Mr Badde from the CBD-Shop stated: “I find that the decision of the EU Commission is groundbreaking for our industry. But yet I sincerely hope that the EU will follow our suggestions and reclassify all Hemp Extracts according to the EU High Court decision in 2009. That would mean, all hemp extracts and cannabinoids are to be treated as food, if not toxic. I would like to express my sincere thanks to the UN and the European Commission for saving thousands of jobs in the hemp industry.”

Chaos averted

The Commission’s preliminary finding this past summer held that non-medical CBD and other natural hemp extracts made from hemp flowers – generally present in hemp food, food supplements and cosmetics – should be considered narcotics in the EU. But the European high court’s latest decision that CBD isn’t a narcotic is binding on EU institutions including the Commission.

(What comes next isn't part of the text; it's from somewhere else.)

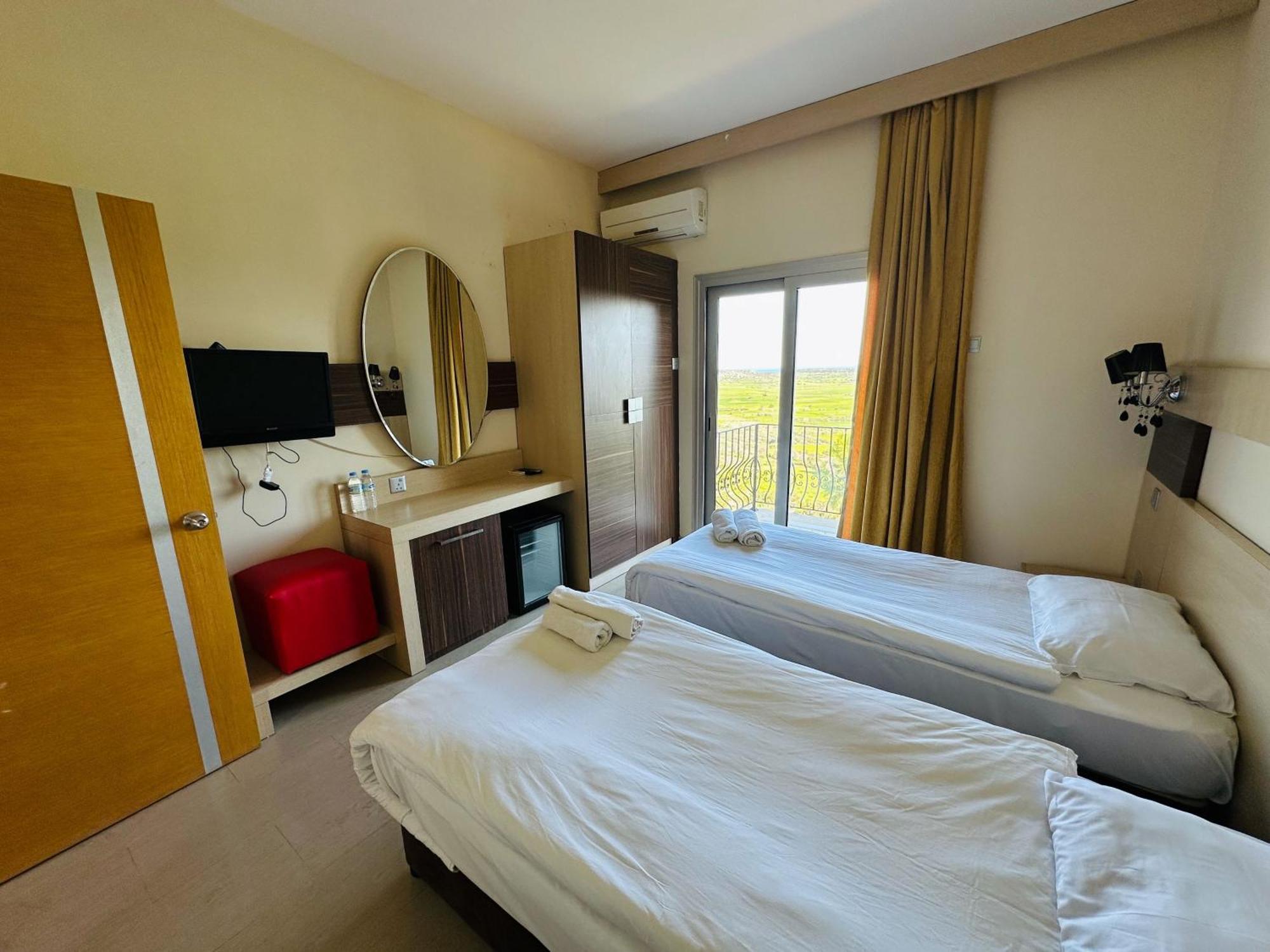 Celebi Garden Hotel - Cittaslow Retreat ฟามากุสต้า ภายนอก รูปภาพ
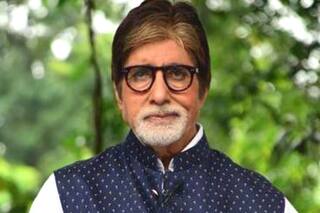 Amitabh Bachchan Talks About 'Keeping Spine Straight' And Not Accepting Torture in His Latest Tweet From The Hospital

Hemp stakeholders had feared chaos for the whole sector if the Commission hadn’t been moved to change its position.

Beyond its effect on the novel food approval process, the EC’s reversal on CBD sets the stage for clarification of national laws and regulations affecting CBD where necessary, broader acceptance of CBD-oil in the marketplace leading to potentially fast growth, and continued investment in the sector. CBD-Oil products have been readily available in Europe for years, but unclear rules have caused law enforcement problems for some shop owners and producers in many countries. Bold investors have long been in CBD-Oil in Europe, but more may now be inclined to do so with fundamental regulations in place.